In addition to the organizational cost of technology resistance, there is an opportunity lost dimension. Decision makers often resist implementing new technology because they anticipate end user resistance (Luor & Lu, 2012; McDaniel, 2011; Razi & Karim, 2011). The result is a decreasing performance domino effect where managers tend to avoid innovations that would increase revenue or decrease expenses due to anticipated technology resistance accompanied by decreased productivity. New mandatory technology avoidance and software under-utilization have been cited as key reasons for the productivity paradox, which is a contradictory relationship between a high investment in information technology and low organizational performance (Jong-Sung, Sung Hyun & Ho, 2015).

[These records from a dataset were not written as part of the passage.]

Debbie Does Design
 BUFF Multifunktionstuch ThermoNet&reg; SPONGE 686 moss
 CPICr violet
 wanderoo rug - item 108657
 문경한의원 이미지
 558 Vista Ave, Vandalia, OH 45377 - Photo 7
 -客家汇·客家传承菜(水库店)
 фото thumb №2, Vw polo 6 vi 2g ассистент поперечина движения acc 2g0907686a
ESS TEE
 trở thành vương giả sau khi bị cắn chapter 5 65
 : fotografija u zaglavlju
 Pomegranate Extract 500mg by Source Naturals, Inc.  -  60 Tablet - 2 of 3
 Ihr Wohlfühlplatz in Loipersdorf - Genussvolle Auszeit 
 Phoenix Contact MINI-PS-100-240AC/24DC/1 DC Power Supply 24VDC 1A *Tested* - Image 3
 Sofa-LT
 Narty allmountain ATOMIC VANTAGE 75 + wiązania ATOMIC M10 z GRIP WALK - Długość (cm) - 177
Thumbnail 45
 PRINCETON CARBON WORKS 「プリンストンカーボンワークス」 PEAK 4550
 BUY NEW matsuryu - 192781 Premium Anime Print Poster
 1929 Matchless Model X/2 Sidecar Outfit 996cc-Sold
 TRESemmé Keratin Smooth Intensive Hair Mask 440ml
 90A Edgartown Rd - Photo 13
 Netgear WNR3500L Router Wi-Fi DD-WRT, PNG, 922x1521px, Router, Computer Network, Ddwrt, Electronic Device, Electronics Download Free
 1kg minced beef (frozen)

Being forced to utilize technology results in more resistance than voluntary use. Technology resistance is composed of complex motivational and self-efficacy factors that are grounded in psychology and sociology (Abadi, Ranjbarian & Zade, 2012; Zoellner et al., 2012). Several theories have emerged to predict the acceptance of mandatory technology in business. The most popular constructs are the Technology Acceptance Model (Davis, Bagozzi & Warshaw, 1989) and the more recent Unified Theory of Acceptance and Use of Technology Model (Venkatesh & Bala, 2008). The TAM3 has been able to explain 70% of the factor variance in predicting behavioral intention to accept and use technology (Venkatesh & Bala, 2008). Demographic factors such as gender and age have been recognized as additional factors that impact technology acceptance (Oreg & Katz-Gerro, 2006; Stylianou & Jackson, 2007). The key dependent variables in these constructs are behavioral intent and planned behavior which are self-reported perceptions (Matlow, Wray & Richardson, 2012).
However, we found two significant gaps in the current TAM and TAM3 literature. First, although the ability to predict perceived behavioral intention is clear, more research is needed to follow through on examining actual individual behavior in business contexts. Many studies on performance have been at the organizational level of analysis (Gangwar, Date & Ramaswamy, 2015) or on individual performance in the educational psychology discipline (Arpaci, Kilicer & Bardakci, 2015; Kanthawongs, 2011; Van der Schyff & Krauss, 2014). Second, since most studies have identified age as well as gender as significant factors that predict technology resistance, young business entrepreneurs have not been sampled (Jong-Sung et al., 2015; Oliveira, Thomas & Espadanal, 2014).